The International Council on Peace, Justice and Empowerment Summit - G20 - 2009.The G20 Summit of nations will meet in Pittsburgh, PA on September 24th and 25th following the London Summit of April 1st of this year, when it met in the context of the financial crisis, in an attempt to stabilize global financial markets. These Summits are closed-door meetings organized and attended by financial representatives from 19 of the richest and most influential nations and their decisions affect the economic trajectory of our world for generations to come. Sadly, nowhere in the final communiqué issue by Prime Minister Gordon Brown, the host of the April meeting, were measures proposed to shield disadvantaged communities around the world who were already under stress before the financial crisis provided even steeper challenges of survival. Indeed, the G7, the antecedent of the G20, had been so criticized for creating structural criteria for the dispensation of funds to poor countries that activists and others from the private sector intervened in its discussions and stated that what was done to alleviate poverty was grossly insufficient and to demand added effort. Since then, meetings of the G20 have met with enormous protest from progressive forces, calling on participating members to acknowledge the needs of the disadvantaged populations in their respective nations.
Therefore, in the effort to constructively empower and engage our disadvantaged communities, and
those who advocate for them:
The Community Empowerment Association along with the National Council of Urban Peace and Justice presents
The First Annual International Peace, Justice, and Empowerment Summit
September 22nd, 2009
Townhall Meeting and Banquet with Dr. Ron Walters
September 23rd, 2009
(807 Wallace Avenue)
Keynote by: Dr.
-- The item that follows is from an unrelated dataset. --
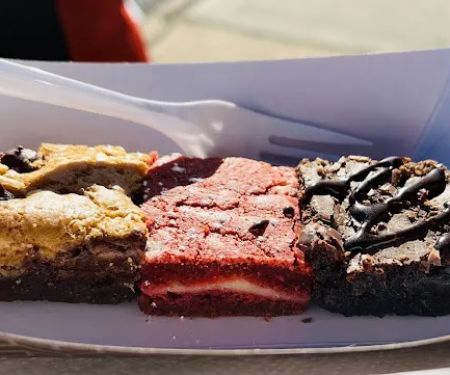The Brownie Bar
Ron Walters
Video Presentation by: Dr. john a. powell
Extensive workshops and panel discussions by grassroots organizations and activists from all over the world!
Goals of First Annual International Justice, Peace and Empowerment Summit September 22 and 23, 2009 Pittsburgh, PA
1. Review “Best-in-Class” grassroots organizational initiatives that address local issues within hard-to-reach populations that have global implications for peace, social justice and spiritual redemption in the following areas:
- urban crime and justice
- energy and environment
- health care
2. Identify Green Urban Design and Greenspace case studies and projects that support healthy working and living conditions in densely populated communities as linkages with pre-apprenticeship “green” jobs training and social service programs.
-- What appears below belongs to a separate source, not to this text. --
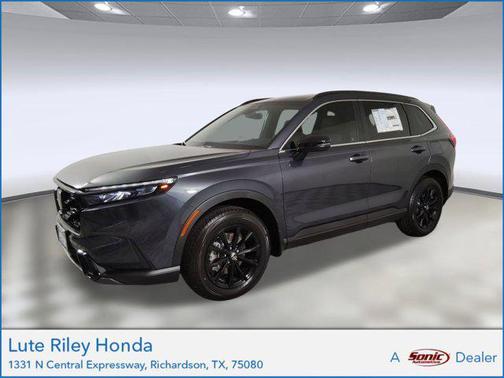 2026 Honda CR-V Hybrid Sport-L FWD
3. Through working groups, use the “Best-In-Class” case studies to develop a framework for local urban interdisciplinary approaches that create pathways out of poverty that can also serve as international models.
4. Identify concrete “Action Steps” and recommendations supported by “Best-In-Class” models implemented by participating grassroots organizations to present to the White House Office of Urban Affairs to help shape a national urban policy agenda.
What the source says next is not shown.